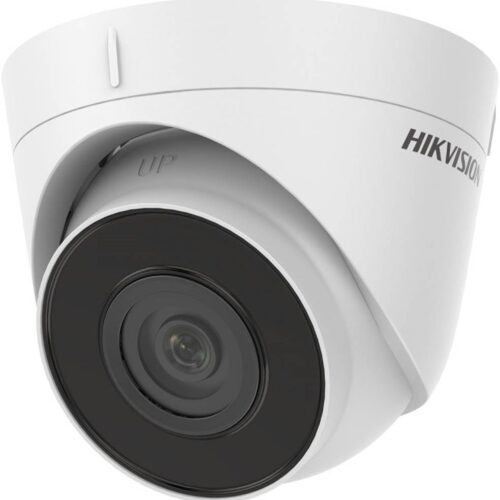 Hikvision DS-2CD1321G0E-I/ECO 2MP Fixed Turret Ip Camera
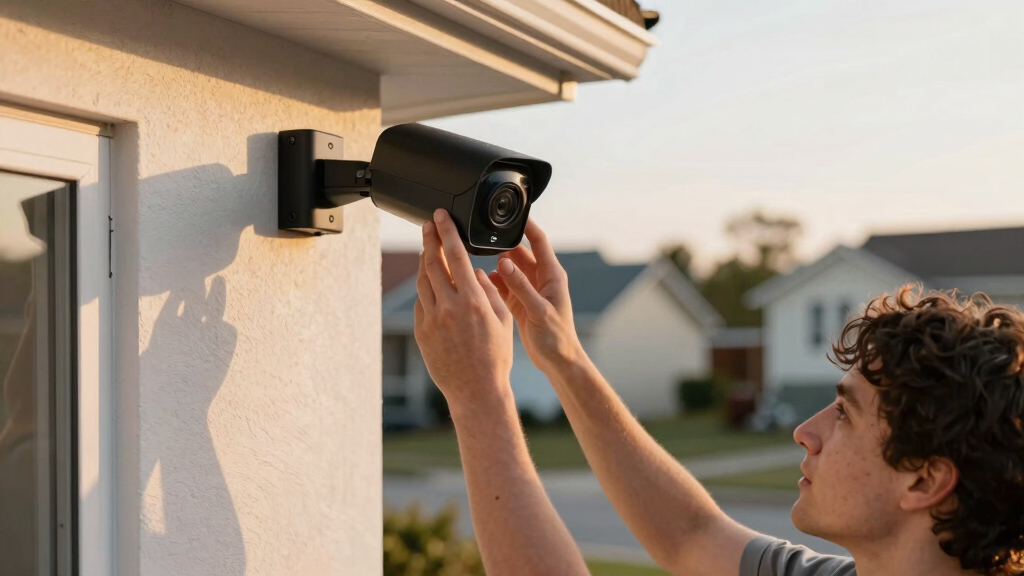 15 Best AI Security Cameras in 2026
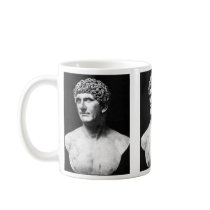 MarcAntonyBust, MarcAntonyBust, MarcAntonyBust mugs by Mark_Killingsworth MarcAntonyBust, MarcAntonyBust, MarcAntonyBust mugs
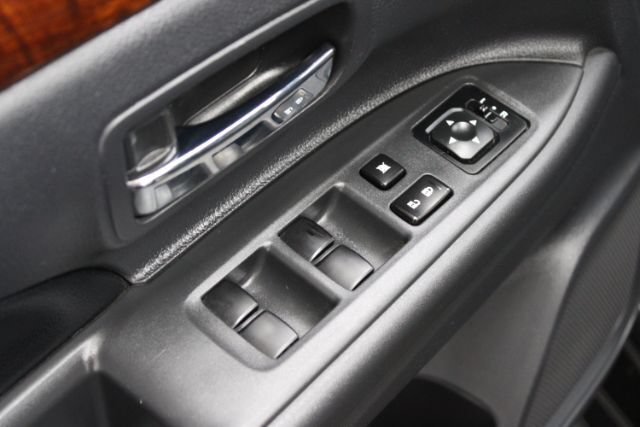 Used 2014 Mitsubishi Outlander GT AWD/4WD image 10
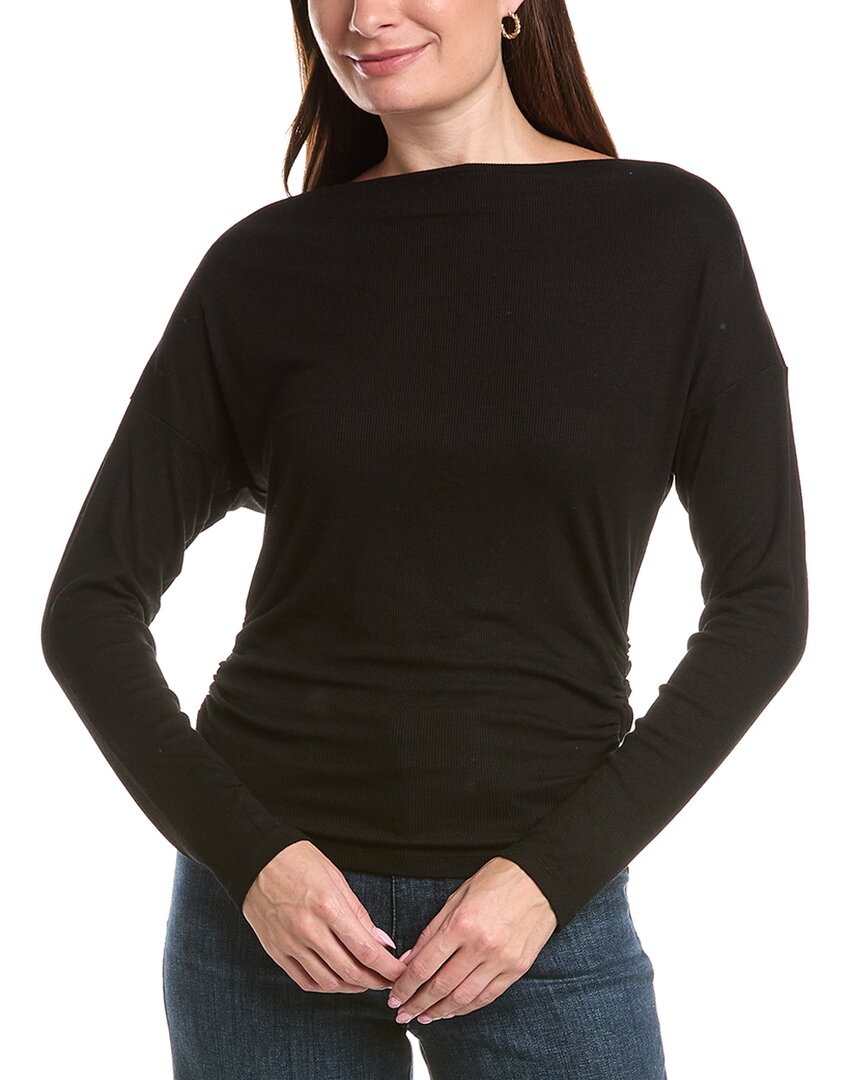 Michael Stars Michael Stars Deanna Off Shoulder Top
◆ ◆ ◆ ◆ ◆ ◆ ◆
Instructions for the task ▸ What is needed is an exact retyping of the lines from the start of the data through the line with "Used 2014 Mitsubishi", with both end lines kept and every picture left out.

Written answer ▸
 Hikvision DS-2CD1321G0E-I/ECO 2MP Fixed Turret Ip Camera
 15 Best AI Security Cameras in 2026
 MarcAntonyBust, MarcAntonyBust, MarcAntonyBust mugs by Mark_Killingsworth MarcAntonyBust, MarcAntonyBust, MarcAntonyBust mugs
 Used 2014 Mitsubishi Outlander GT AWD/4WD image 10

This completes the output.